Voltage Divider Help

[UncookedCorn]

I would like to set Node 1 to 2V with a Zenner diode.
Node 2 = 1.25V
Node 3 = 1.16V
Node 4 = 1.083V

What resistor values would I choose?

[radiolistener]

if you cannot solve so easy task by self, what is the reason to learn it?

[UncookedCorn]

That is why I am asking for help.

[ataradov]

For the resistor ladder calculations, assume V(1) = 2 V and simply write out the voltage divider equations for V(2), V(3), V(4). Some of the resistors in the upper or lower half of the divider would be a sum (series) of individual resistors. You will end up with 3 equations and 4 unknowns (Rn values). You must assume one of the values and then you would be able to solve that system to get the rest of them.

In practice, when I need to do something like this, I just make a Python script that loops over all possible values of resistors from the E12 or E24 value series.
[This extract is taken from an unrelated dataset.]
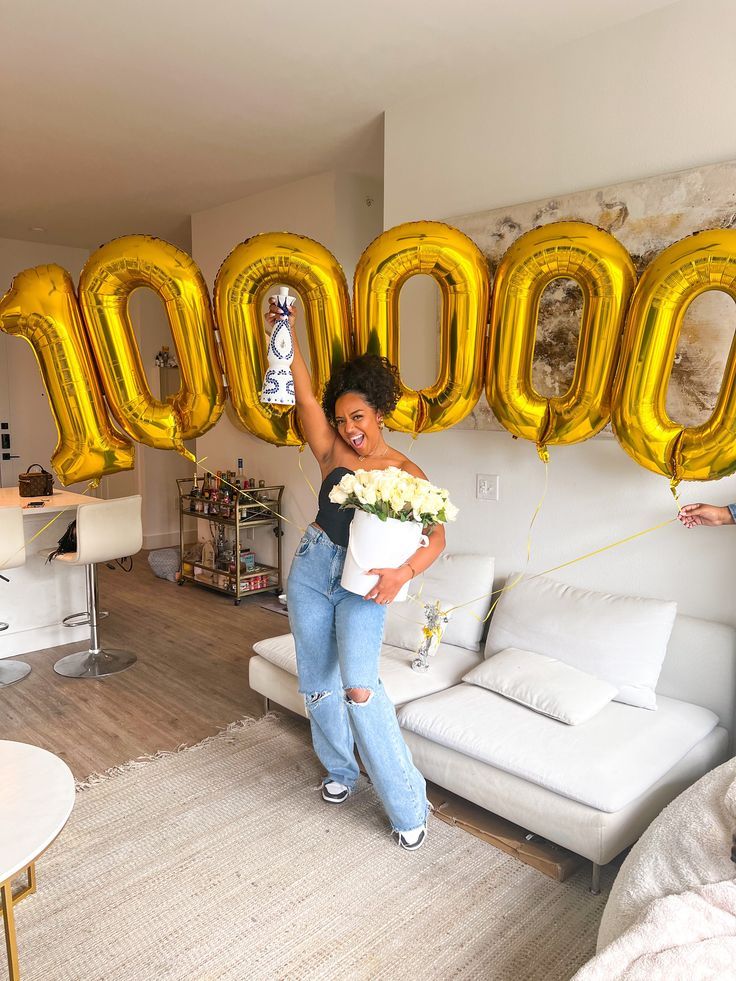 a woman standing in front of balloons that spell out the word boo on a wall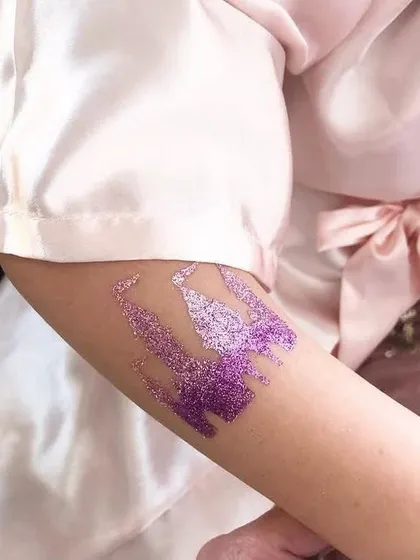A sparkling purple castle tattoo, fit for a prince or princess. This is a great addition to any fairytale-themed party.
The script produces the most optimal value provided practical resistor values.

[Grandchuck]

Homework?
Here is an easy solution that avoids simultaneous equations.  Assume R1 is 100 ohms and find the total current at 22 mA.  Assume the zener current is half that and then just use Ohm's Law.

[MrAl]

I would like to set Node 1 to 2V with a Zenner diode.
Node 2 = 1.25V
Node 3 = 1.16V
Node 4 = 1.083V

What resistor values would I choose?

Hi,

There is a very easy way to do this but I am not sure if you have any other limitations.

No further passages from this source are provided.